Laparoscopic end-to-end biliary reconstruction with T-tube for transected BDI during laparoscopic cholecystectomy seems to be safe and feasible in selected patients. However, long-term follow-up to identify complications from bile duct stricture remains important.

INTRODUCTION

The first laparoscopic cholecystectomy was performed in 1985 and has become increasingly popular since the 1990s. Laparoscopic cholecystectomy is now the gold standard for benign gallbladder diseases, including cholelithiasis. Nevertheless, in the 1990s many reports revealed a significant increase the incidence of bile duct injuries (BDIs) during laparoscopic cholecystectomy (0.33%–1.09%) compared with open cholecystectomy (0.20%–0.51%) [1]. In response, many effective methods for repairing and preventing BDIs have been introduced, such as intraoperative cholangiography and allowing a better surgical view to reduce iatrogenic BDIs [2]. Unfortunately, recent studies reported that rates of BDI during laparoscopic cholecystectomy had plateaued (0.30%–0.60%) [3]. One study suggested that 34% of BDIs during laparoscopic cholecystectomy occurred during surgeries performed by surgeons that had performed over 100 laparoscopic cholecystectomies [4], indicating that even expert surgeons can cause a major BDI requiring surgery.
BDI is associated with increased risk for several perioperative morbidities, including frequent bile duct stricture, recurrent cholangitis, decreased quality of life, and even death. Various injuries can occur along the biliary tract during laparoscopic cholecystectomy, and transected bile duct injury is one of the most commonly encountered.

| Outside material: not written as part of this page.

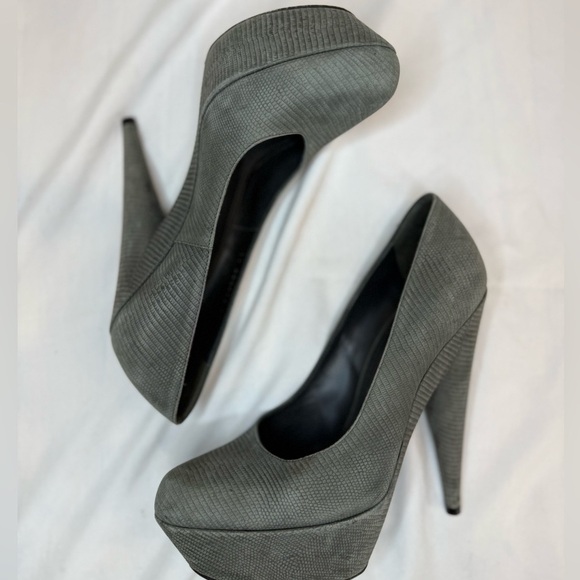 YSL Yves Saint Laurent ALIAMA Lizard Emb Suede Platform Heels US 7 Sz 37.5 Shoes - Picture 9 of 13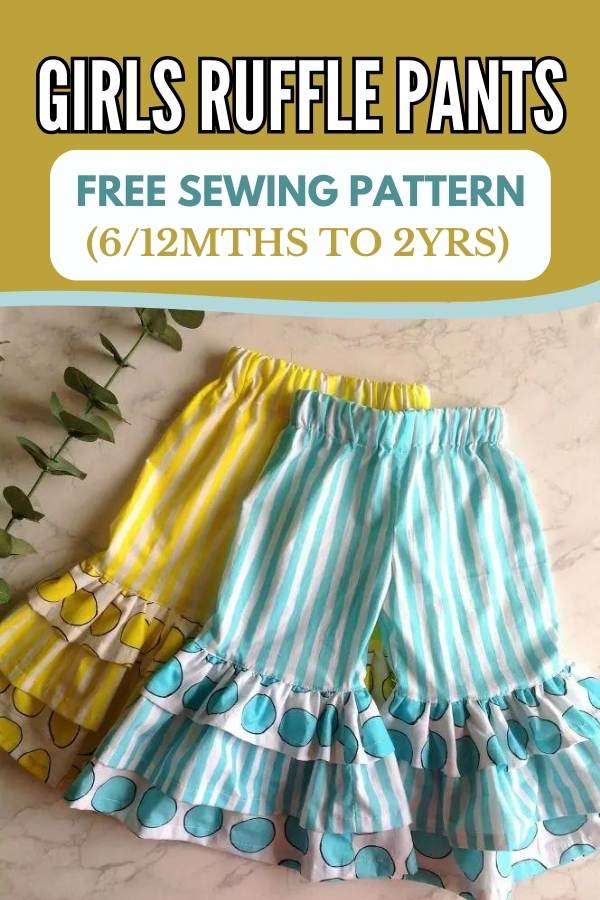 Girls Ruffle Pants FREE sewing tutorial and pattern (6/12mths to 2yrs)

Importantly, it is not easy to reconstruct this type of injury. Currently, the Roux-en-Y choledocho (or hepatico)-jejunostomy is the most commonly used reconstruction procedure for transected bile duct injuries. However end-to-end reconstruction, which is a much simpler procedure can be performed safely and effectively in select patients [56]. In particular, due to the development of advanced laparoscopic techniques, laparoscopic reconstruction can be performed for BDI during surgery. Nevertheless, evaluations of laparoscopic end-to-end biliary reconstruction for transected BDI are very rare.
This report describes eight successful cases of laparoscopic end-to-end biliary reconstruction with T-tube that were performed for transected BDIs during laparoscopic cholecystectomy.

METHODS

Patients

Between January 2014 and December 2017, 2,901 patients underwent laparoscopic cholecystectomy for the benign biliary disease at the Hospital. The benign biliary diseases included polypoid gallbladder lesions, cholelithiasis, cholecystitis, choledocholithiasis, biliary dyskinesia, and acute pancreatitis.
We conducted a retrospective descriptive analysis of all patients who underwent surgery for transected BDIs (n = 8) at a single institution between January 2014 and December 2017. For each patient, we collected and analyzed demographic data, injury site and type, reconstruction methods, conversion to open surgery (yes or no), history of previous intervention, and surgical outcomes including operation time, hospital stay, and complications. We used the Bismuth classification system for classifying BDI type [2].
Our hospital is a tertiary education and training hospital with eight hepatobiliary surgeons on staff. Surgeons who performed laparoscopic cholecystectomy ranged from resident to professor; among them, Dr. Hong, who is a hepatobiliary surgeon, performed all the reconstruction surgeries related to BDI during laparoscopic cholecystectomy. The study was reviewed and approved by the Ethics Committee of the Seoul St. Mary's Hospital (KC18RCSI0341), which waived the requirement for informed consent due to the retrospective study design.

Surgical technique

Laparoscopic end-to-end anastomosis was performed when it was possible to approximate both the proximal and distal ends of bile duct without tension, and when the diameters of both ends were comparable. Both ductal ends must be healthy without visual evidence of inflammation, fibrosis, or ischemic damage according to the unaided eye. The Kocher maneuver to reduce tension at both ductal ends was not performed in any of these cases.
Step 1. After mobilization of both the proximal and distal bile ducts, damaged or narrowed bile duct ends were cleared. We placed 2 anchoring sutures at both corners of the bile ducts for approximation.
Step 2. Anastomosis was performed in a single layer with interrupted absorbable Monosyn 5-0 sutures at the posterior wall. Two or 3 stitches were needed for posterior wall anastomosis according to bile duct diameter.
Step 3. T-tube made of 8–10F rubber was inserted at the anastomosis site.
Step 4. Two or 3 stitches were placed for completing anterior wall anastomosis around the T-tube. After a leakage test of the T-tube using saline or gentian violet dye, additional stitches over the T-tube were performed if needed (Fig. 1). The T-tube was drained externally, and a closed suction drain was placed in the subhepatic space to detect postoperative bleeding or bile leakage. The drain tube was removed 24–48 hours after surgery, depending on the clinical course.

Follow-up

All patients went home once the closed suction drain was removed, we removed the drain only after confirming there was no evidence of bile leakage. Among all 8 patients, 5 patients were discharged with bile bag draining through the T-tube. Two patients were discharged with a clamped T-tube without external drainage, because the amount of bile juice drained for a day is small, and the patients had no symptom after clamping. And one patient died due to the progression of acute myeloid leukemia at postoperative day 21.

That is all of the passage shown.